▶ Your instructions:
Copy all lines below exactly as written. Leave pictures out.

[Image-caption web data]

──────────

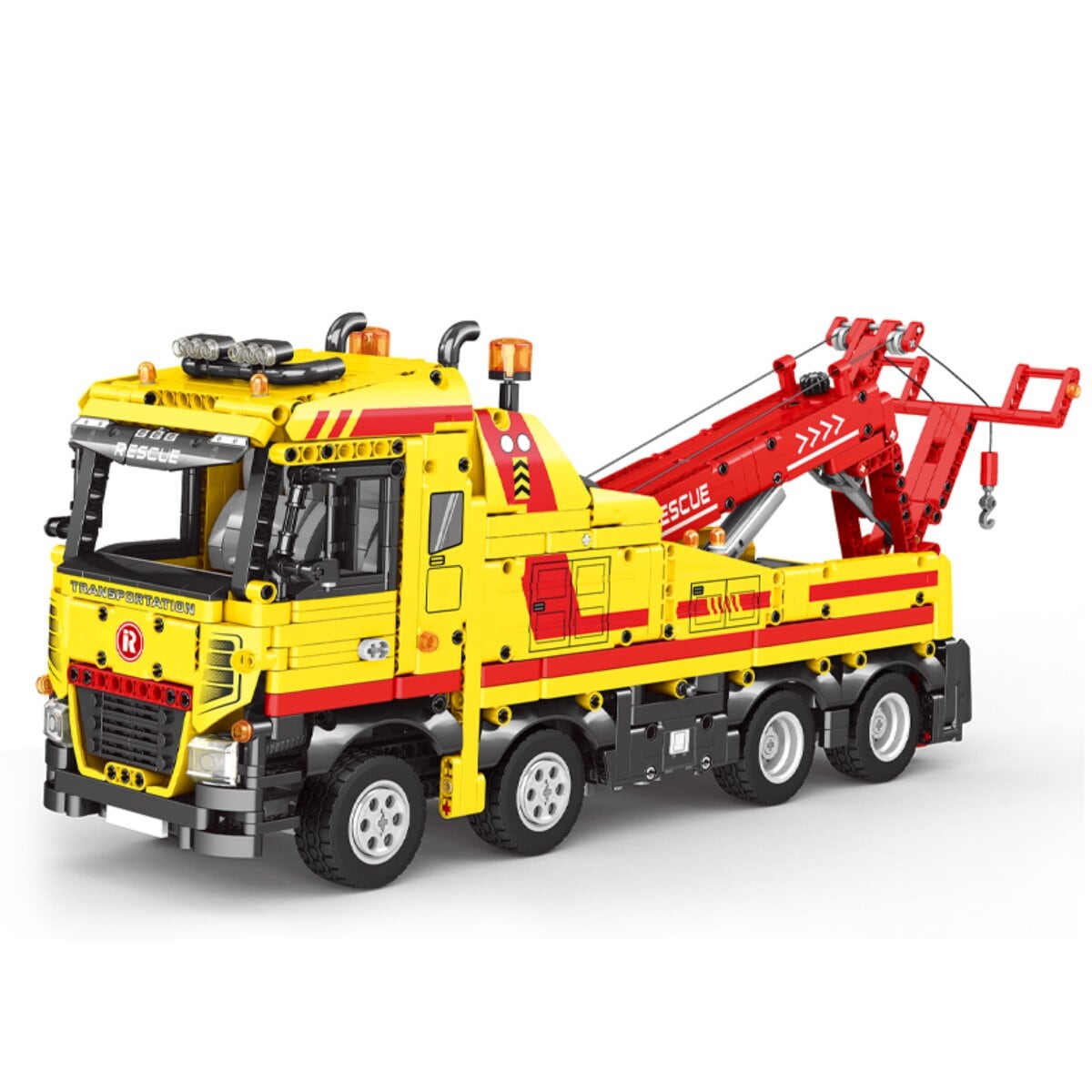 Reobrix 22012 Abschleppwagen Klemmbaustein RC LKW Modell 1910 Teile ab 14 - Bild 1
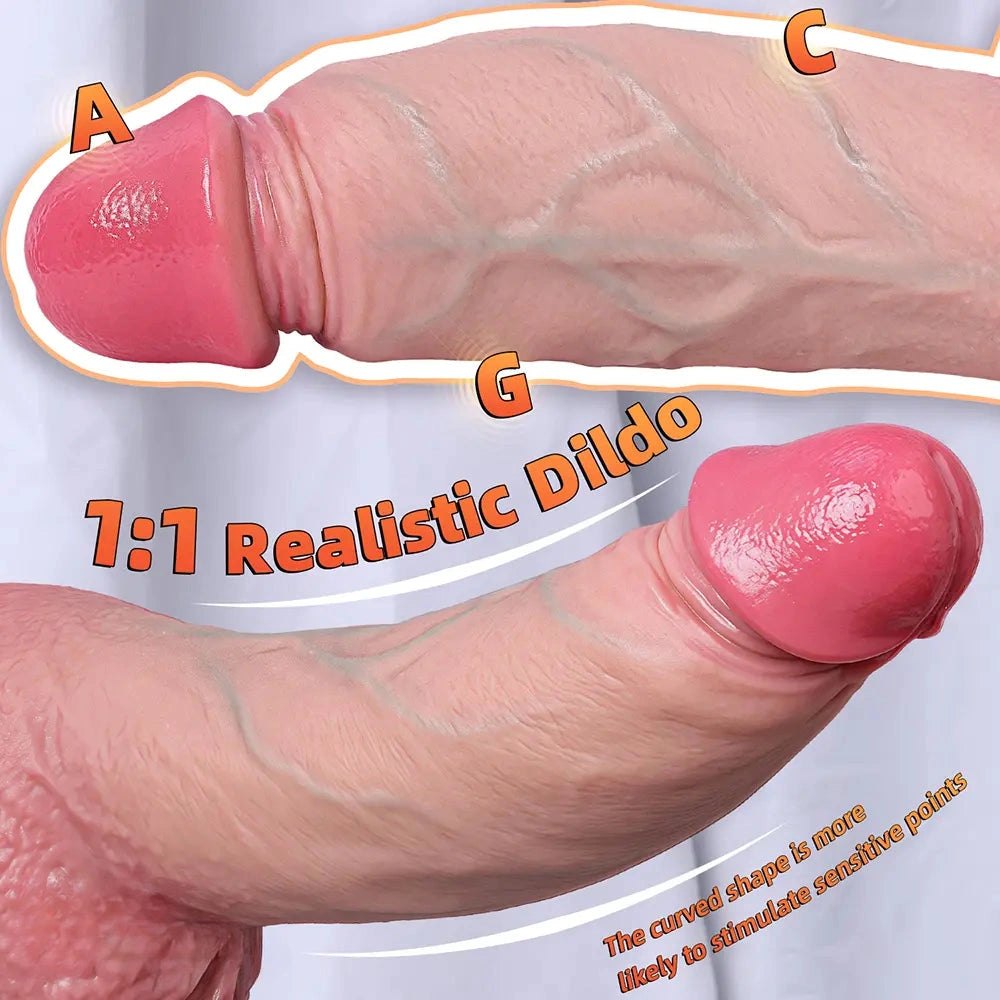 Dual density thick dildo, photo 6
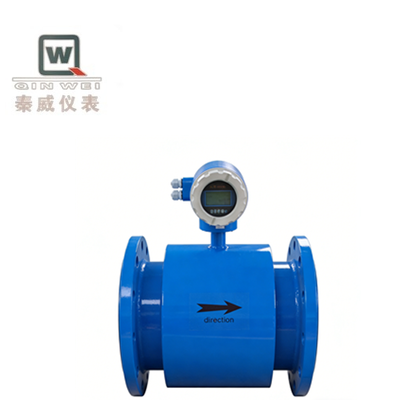 Large Diameter Pipeline Electromagnetic Flowmeter , Industrial Pipe Type Sewage Flowmeter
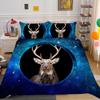 Лидер продаж, комплект пододеяльников, роскошная домашняя постельная одежда, креативное постельное белье, 3D краска с оленем, новая модная наволочка, пододеяльники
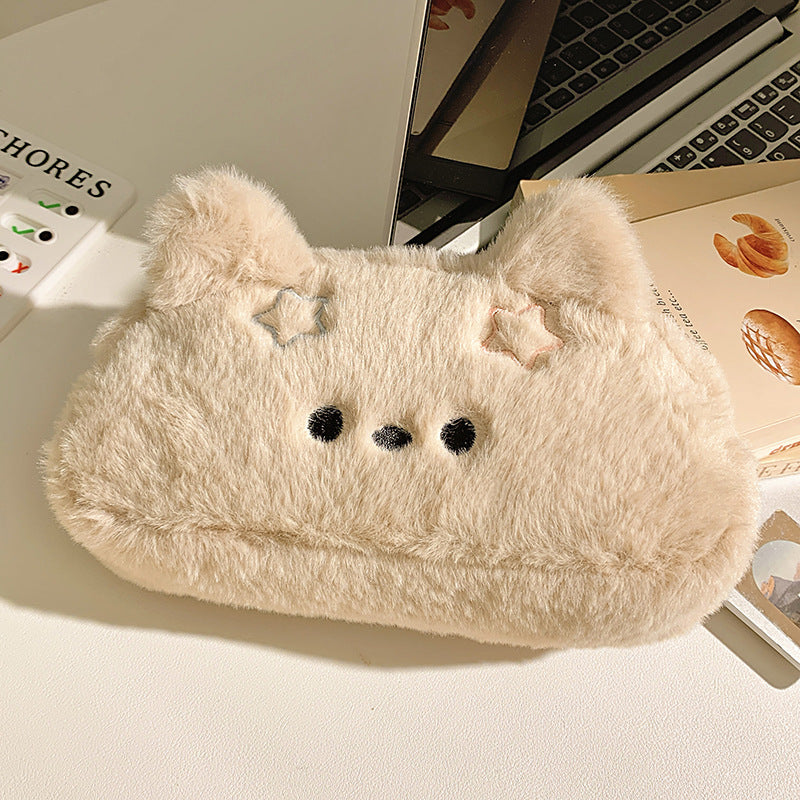 Flauschige Kosmetiktasche Brehn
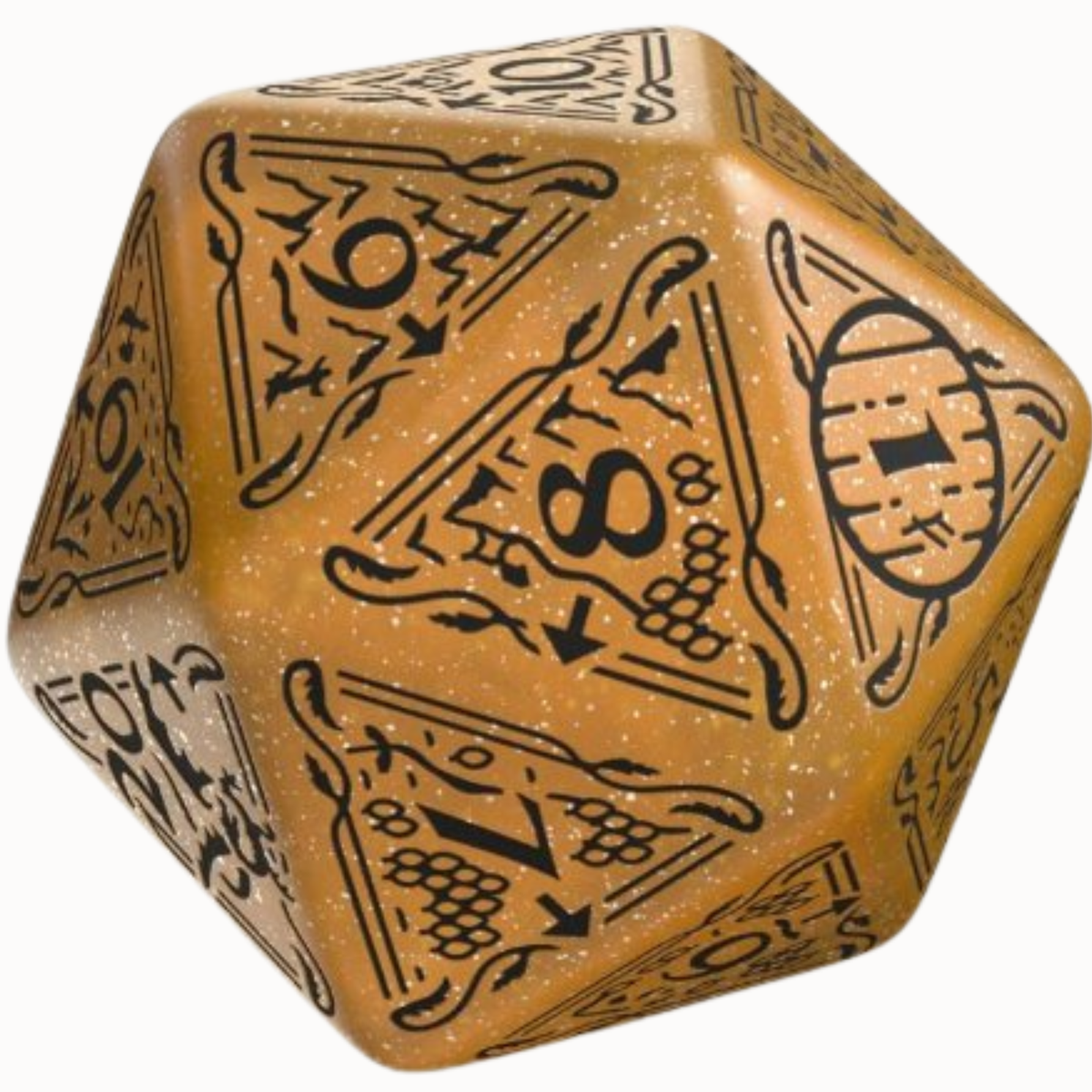 The Hobbit Spindown D20 TCG Jumbo Die - Solaris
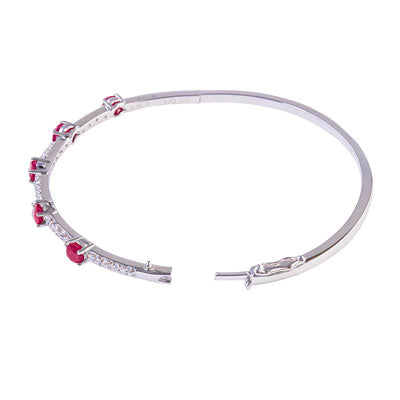 Bracelete de Prata com Pedras - 67551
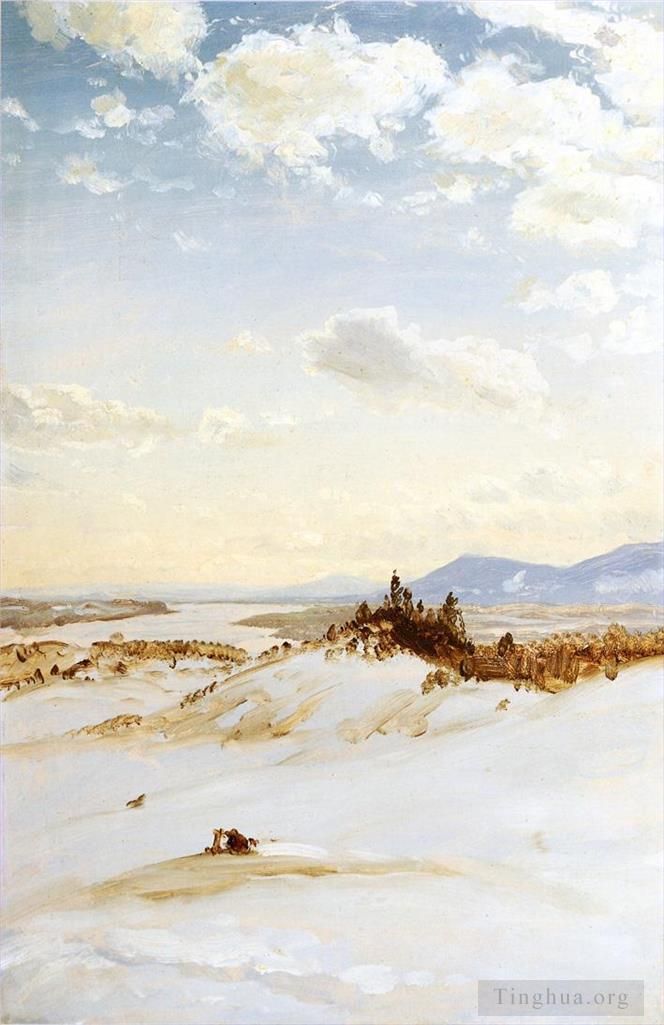 弗雷德里克·爱德温·丘奇 的油画作品 -  《冬季场景奥拉纳》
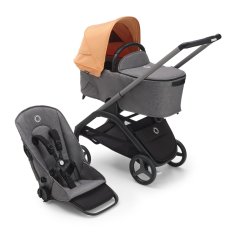 Bugaboo  Dragonfly s košaroGRAPHITE/GREY MELANGE - ISLAND CORAL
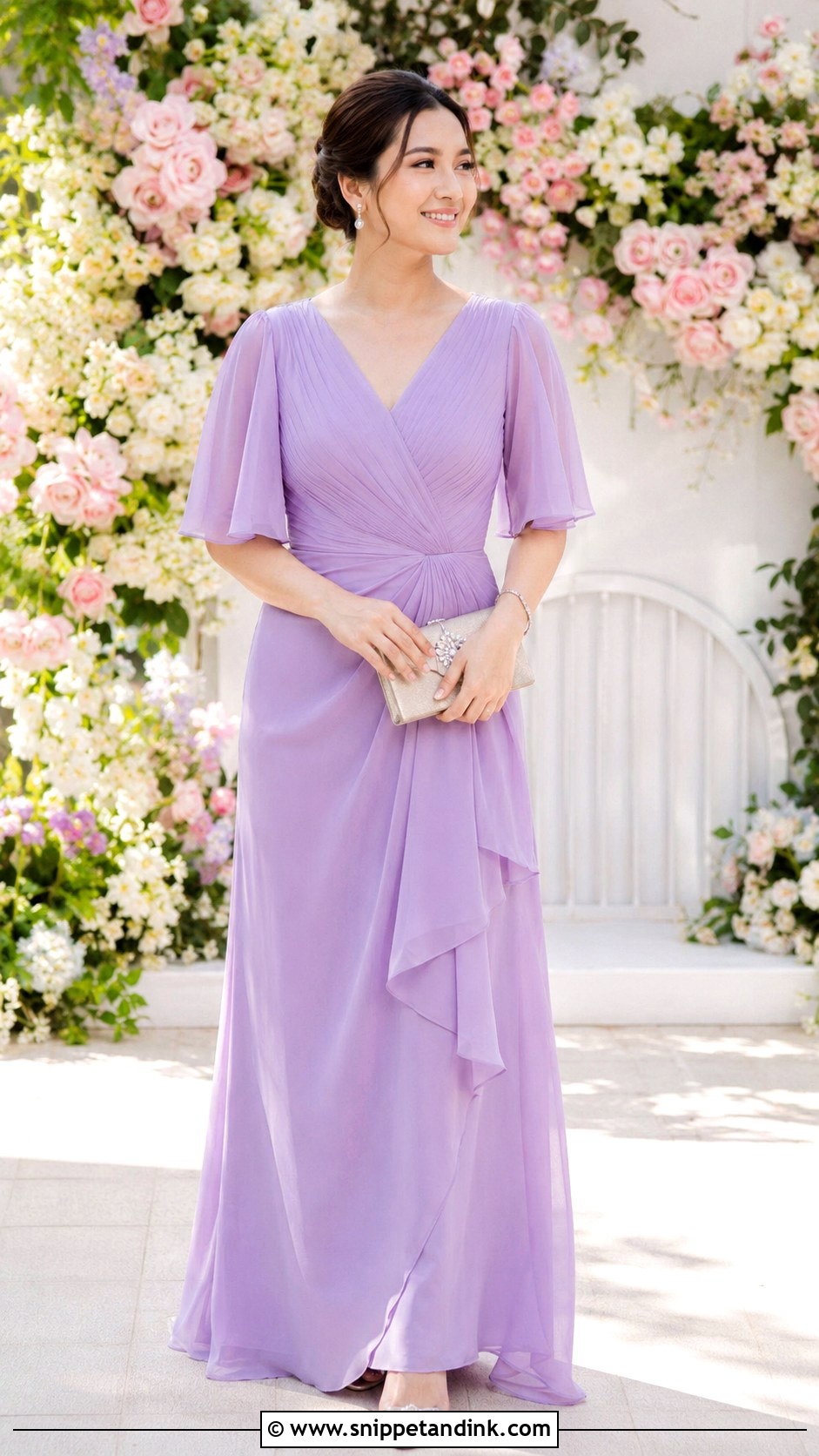 Lavender Ninang Gown - Snippet and Ink - 25 Ninang Dress for Wedding Philippines Ideas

──────────

▶ Exercise output:
 Reobrix 22012 Abschleppwagen Klemmbaustein RC LKW Modell 1910 Teile ab 14 - Bild 1
 Dual density thick dildo, photo 6
 Large Diameter Pipeline Electromagnetic Flowmeter , Industrial Pipe Type Sewage Flowmeter
 Лидер продаж, комплект пододеяльников, роскошная домашняя постельная одежда, креативное постельное белье, 3D краска с оленем, новая модная наволочка, пододеяльники
 Flauschige Kosmetiktasche Brehn
 The Hobbit Spindown D20 TCG Jumbo Die - Solaris
 Bracelete de Prata com Pedras - 67551
 弗雷德里克·爱德温·丘奇 的油画作品 -  《冬季场景奥拉纳》
 Bugaboo  Dragonfly s košaroGRAPHITE/GREY MELANGE - ISLAND CORAL
 Lavender Ninang Gown - Snippet and Ink - 25 Ninang Dress for Wedding Philippines Ideas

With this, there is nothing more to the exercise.